◆ **TASK ITEM**
Nothing besides a number belongs in the answer, which is how many lines of the listing contain the string "iPhone".
────────
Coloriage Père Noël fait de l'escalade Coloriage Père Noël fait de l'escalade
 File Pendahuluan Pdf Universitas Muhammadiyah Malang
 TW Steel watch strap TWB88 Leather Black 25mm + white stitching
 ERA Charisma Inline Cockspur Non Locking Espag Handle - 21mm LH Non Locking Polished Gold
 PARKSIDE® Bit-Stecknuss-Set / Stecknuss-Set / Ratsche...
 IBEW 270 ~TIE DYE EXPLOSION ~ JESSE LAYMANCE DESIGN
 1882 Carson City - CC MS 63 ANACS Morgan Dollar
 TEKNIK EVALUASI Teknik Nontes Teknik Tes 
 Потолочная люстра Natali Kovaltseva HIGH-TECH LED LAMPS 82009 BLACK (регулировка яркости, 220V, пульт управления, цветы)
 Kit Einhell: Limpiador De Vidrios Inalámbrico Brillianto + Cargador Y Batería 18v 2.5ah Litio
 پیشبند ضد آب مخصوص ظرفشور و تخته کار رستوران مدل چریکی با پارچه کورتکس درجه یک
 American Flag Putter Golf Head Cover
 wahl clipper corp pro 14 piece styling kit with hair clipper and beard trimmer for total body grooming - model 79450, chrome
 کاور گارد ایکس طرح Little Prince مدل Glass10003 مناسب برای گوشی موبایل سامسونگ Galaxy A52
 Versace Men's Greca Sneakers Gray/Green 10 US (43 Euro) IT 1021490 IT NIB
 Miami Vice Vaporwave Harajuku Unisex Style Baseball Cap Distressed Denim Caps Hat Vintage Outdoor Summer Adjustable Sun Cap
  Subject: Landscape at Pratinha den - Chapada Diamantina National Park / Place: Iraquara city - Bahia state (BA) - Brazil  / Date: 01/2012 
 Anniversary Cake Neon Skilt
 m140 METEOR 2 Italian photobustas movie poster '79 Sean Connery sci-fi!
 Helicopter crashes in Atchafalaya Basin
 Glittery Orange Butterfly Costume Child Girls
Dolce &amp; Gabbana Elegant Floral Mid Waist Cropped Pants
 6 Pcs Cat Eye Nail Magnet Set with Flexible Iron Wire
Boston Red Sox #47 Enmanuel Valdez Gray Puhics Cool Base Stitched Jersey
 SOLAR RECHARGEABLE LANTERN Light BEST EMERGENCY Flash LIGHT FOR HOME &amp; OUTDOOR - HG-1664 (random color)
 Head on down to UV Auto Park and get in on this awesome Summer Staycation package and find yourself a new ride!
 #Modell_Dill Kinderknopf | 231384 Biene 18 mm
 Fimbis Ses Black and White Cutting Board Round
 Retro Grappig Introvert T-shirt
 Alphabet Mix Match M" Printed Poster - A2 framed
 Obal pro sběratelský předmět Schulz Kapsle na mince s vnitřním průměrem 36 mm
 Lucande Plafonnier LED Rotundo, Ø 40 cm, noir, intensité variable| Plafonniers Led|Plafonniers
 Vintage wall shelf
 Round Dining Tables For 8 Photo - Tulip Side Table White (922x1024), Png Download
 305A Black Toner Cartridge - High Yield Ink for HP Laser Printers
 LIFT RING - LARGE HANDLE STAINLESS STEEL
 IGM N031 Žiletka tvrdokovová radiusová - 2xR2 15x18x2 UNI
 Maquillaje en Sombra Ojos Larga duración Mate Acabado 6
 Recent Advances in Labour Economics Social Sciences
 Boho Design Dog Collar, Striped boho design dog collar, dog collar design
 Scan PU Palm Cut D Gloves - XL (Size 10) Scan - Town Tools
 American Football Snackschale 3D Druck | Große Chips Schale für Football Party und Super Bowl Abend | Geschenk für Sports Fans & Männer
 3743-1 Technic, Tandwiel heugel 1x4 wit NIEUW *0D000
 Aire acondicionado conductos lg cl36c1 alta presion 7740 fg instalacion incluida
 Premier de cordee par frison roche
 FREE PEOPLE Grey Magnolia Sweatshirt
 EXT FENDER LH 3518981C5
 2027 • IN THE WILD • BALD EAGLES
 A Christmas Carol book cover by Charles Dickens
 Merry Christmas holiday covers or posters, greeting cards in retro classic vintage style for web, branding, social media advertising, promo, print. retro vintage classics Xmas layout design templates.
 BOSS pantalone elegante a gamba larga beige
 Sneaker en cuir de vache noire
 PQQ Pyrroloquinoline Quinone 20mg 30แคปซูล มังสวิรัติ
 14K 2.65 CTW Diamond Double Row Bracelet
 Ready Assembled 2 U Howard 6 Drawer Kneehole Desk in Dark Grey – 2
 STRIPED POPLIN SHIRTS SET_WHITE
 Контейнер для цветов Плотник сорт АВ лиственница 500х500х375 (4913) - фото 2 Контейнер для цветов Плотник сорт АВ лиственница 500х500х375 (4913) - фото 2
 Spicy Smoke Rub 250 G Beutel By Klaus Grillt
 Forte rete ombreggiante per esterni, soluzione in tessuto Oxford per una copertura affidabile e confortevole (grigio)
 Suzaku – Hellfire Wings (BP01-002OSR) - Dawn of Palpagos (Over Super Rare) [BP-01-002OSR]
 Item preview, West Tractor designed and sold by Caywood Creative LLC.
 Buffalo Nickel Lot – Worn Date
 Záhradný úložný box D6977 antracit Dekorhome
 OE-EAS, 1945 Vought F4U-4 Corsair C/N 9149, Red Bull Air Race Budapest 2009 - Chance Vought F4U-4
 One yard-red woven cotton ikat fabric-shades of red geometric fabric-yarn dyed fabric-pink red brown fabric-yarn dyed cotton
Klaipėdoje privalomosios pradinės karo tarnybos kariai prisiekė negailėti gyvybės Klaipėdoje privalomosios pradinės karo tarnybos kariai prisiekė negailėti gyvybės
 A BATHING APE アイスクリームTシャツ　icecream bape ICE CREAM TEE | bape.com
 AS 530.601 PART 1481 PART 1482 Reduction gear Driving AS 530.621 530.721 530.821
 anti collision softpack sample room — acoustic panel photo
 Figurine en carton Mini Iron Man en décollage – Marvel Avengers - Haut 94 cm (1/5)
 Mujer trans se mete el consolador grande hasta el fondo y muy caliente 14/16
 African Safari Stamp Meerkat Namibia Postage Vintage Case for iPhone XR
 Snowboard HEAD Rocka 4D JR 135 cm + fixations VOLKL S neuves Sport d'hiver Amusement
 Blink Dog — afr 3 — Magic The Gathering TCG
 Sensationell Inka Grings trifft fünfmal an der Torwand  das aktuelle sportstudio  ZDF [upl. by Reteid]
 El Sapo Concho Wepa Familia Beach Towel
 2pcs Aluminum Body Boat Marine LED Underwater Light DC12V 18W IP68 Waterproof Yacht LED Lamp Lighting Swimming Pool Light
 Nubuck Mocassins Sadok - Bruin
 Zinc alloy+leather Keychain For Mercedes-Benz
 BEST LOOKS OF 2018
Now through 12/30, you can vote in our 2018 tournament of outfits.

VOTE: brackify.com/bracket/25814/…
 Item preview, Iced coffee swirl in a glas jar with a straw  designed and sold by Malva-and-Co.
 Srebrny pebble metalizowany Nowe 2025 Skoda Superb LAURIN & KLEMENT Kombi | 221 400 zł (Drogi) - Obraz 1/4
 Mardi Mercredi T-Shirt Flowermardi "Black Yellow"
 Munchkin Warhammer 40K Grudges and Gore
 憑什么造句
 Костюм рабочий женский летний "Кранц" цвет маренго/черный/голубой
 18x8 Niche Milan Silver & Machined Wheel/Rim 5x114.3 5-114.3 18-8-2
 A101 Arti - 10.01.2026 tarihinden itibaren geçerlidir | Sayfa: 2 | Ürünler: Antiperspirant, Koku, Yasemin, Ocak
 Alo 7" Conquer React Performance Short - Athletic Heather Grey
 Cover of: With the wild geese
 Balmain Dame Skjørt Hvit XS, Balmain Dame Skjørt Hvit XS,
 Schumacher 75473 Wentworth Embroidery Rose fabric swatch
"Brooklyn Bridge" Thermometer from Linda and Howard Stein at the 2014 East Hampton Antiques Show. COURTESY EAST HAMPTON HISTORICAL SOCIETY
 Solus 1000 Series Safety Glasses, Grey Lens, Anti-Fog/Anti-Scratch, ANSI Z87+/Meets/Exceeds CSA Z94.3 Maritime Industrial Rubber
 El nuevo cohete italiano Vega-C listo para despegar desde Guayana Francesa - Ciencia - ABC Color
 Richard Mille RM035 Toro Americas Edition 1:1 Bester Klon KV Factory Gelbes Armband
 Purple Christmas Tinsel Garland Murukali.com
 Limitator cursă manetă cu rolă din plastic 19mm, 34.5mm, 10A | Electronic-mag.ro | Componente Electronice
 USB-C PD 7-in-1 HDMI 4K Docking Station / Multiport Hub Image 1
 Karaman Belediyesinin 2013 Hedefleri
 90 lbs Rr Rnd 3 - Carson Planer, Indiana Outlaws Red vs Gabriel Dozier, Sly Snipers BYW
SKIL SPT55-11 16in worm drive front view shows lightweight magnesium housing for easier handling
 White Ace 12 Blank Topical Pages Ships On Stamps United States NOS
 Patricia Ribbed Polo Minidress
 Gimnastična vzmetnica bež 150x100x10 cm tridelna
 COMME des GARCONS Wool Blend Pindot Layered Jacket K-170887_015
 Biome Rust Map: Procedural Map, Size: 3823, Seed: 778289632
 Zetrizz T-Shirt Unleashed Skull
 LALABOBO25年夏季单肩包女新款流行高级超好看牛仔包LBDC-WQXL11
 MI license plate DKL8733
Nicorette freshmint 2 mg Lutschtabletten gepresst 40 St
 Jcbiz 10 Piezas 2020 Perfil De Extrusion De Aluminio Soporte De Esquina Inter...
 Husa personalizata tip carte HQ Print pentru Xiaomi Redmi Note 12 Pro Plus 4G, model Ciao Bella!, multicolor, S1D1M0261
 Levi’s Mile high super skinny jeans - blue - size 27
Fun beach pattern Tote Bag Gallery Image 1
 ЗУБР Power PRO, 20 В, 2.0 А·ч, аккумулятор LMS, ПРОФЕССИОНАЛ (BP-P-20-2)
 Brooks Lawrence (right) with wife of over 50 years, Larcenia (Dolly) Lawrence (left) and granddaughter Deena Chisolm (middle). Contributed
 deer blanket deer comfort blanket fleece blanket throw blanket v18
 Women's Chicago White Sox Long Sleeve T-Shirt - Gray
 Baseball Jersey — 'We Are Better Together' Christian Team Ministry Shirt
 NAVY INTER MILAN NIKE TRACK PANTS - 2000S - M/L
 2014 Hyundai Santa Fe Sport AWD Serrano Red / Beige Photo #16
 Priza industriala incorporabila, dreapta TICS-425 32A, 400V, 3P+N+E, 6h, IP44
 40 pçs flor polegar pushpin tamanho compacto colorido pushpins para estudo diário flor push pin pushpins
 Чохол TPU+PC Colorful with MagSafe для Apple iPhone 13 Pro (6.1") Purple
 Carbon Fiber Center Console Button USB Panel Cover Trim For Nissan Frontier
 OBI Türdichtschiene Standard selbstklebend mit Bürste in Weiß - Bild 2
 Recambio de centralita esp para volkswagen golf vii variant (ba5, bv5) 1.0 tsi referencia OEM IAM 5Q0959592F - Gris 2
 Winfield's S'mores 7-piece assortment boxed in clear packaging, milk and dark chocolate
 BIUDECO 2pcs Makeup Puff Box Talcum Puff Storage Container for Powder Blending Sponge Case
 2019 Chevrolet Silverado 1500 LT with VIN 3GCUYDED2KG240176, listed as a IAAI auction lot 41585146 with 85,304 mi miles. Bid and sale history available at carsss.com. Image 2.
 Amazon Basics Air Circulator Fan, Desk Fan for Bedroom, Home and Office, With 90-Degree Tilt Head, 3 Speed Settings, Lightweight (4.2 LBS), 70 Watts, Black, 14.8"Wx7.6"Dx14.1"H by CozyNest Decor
────────
◆ **RESULT**
2